Well, back to the dating game !
So, this weekend was just not my weekend. So, there is this old guy who basically hangs around my girlfriend (even though she wants him to go away, he’s a “friend” of her family) Well yesterday her, and I, and her grandma, and him were having dinner together. He needed help fixing a curtain so I helped him. While I was on the step ladder, he touched my ass, and told me I had a nice “tush”. I was absolutely.. appalled. I didn’t want to say anything and cause a scene though, because he was our ride back home, and because I didn’t want my girlfriend to have a bad dinner. Then afterwards, he showed me pictures of his house and of her and made a comment about “and this is Caroline and her nice tush”. And to add insult to injury, he went on about how awful Muslims are while everyone was watching the news. Well anyway, I told her everything when we got home. She told him off, and told her grandma and her mother what happened. He finally started texting her back telling her how I was a psycho-cunt bull dyke, and that it was my fault for having my ass in his face.. cos you know, what was he supposed to do, right ? So for the rest of the night, and into the morning he sent her messages about how gays and lesbians are an abomination and how they should be locked away from public sight etc. I’m pretty annoyed, but my poor girlfriend has to deal with this crazy old man. I wish I knew what to do. :\
Well, what I can do for now is make sure that my son NEVER grows up with any kind of discriminatory feelings.
Sorry for my lack of posts lately, I had a stomach bug (ughhh) but I’m back now. And ohhhh have I got a funny story for you. So my girlfriend and I live in Seattle, and we were getting off the bus, when an old man approached us. He then started yelling at us saying how awful we were and how us being gay is going against god. Then he starts talking about Sodom and Gomorrah and telling us and how were tempting god or whatever. Normally, I don’t care when people say this shit, or rather, I just tell them off and don’t think about it for too long, but this man was following us down the street and harassing us. My girlfriend yelled at him (prob not the best idea, but whatever) and I was about ready to uh.. do something. Not even sure what. But then a guy walking by us told us how people like him are worthless and not to worry about it. It made us feel better.

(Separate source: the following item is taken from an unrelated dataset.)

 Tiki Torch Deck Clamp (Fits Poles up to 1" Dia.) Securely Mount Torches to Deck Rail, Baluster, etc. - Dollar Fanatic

I’m shocked though. I didn’t really think that I needed to worry about this stuff in Seattle. Even if it was by a crazy homeless man.

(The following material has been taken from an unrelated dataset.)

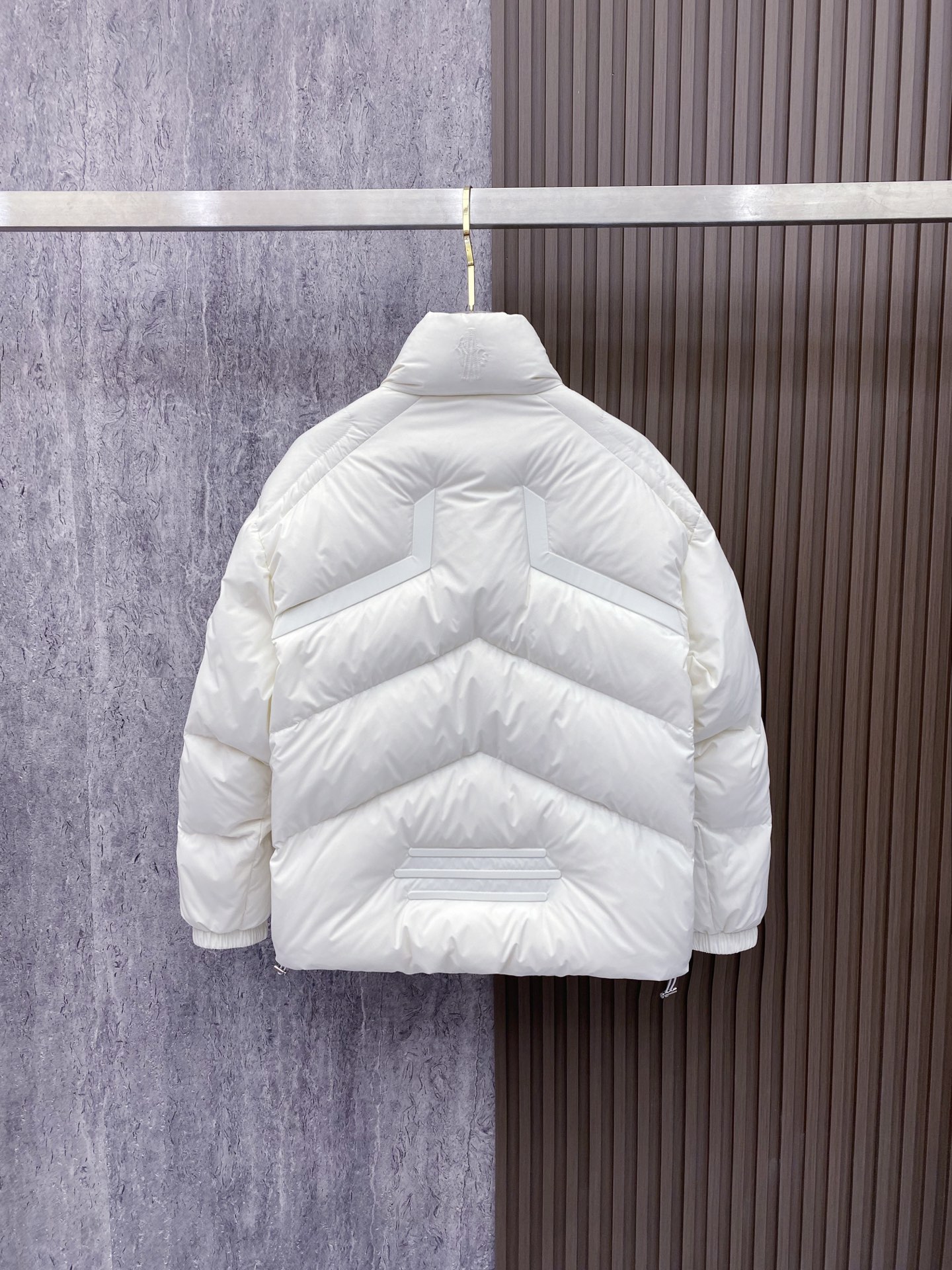 Moncler Male Down Jacket White Duck Down Black S-m-l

I think anyone who is interested in having a polyamorous relationship should check out this website. It has a lot of great advice, but it’s also great advice for traditional relationships as well.
I’m sure at least some of you have seen the photoshopped “Are you Asian and don’t want to be ?” sign. If not: 
Anyway, the website itself (http://www.truthministry.com) belongs to one of those appalling anti-gay “churches”. You know, the ones that turn you straight.
Every time I see things like this they make me really angry. If you’re bored, go check it out. Look at the FAQs and their statements and what not.
Ugh. Sometimes, I really hate people.
My girlfriend recently got laid off from her job, and now my boyfriend is worried he’s going to lose his come April. The store he works at had its building bought out by Target. So, if his boss doesn’t find a new retail space come then, he’s out of a job. This really sucks. My girlfriend and I are going back to school, so hopefully financial aid and all that can help us out a little bit, but Dan (bf) now needs to find a full time job. Any place he applies to always has at least 100 other applicants, and a lot of them are people with higher credentials who also got laid off looking for any kind of income.
This is terrible. It really is. I would get a job, but I think I would have even worse luck because I’ve spent the last year and a half taking care of my child, and home.
I really don’t know what to do. I always thought more people would be financially stable.. er. Apparently, everyone is screwed. :\
I have been together with my Boyfriend for 2 1/2 years. I’ve been with my GF only a month-ish.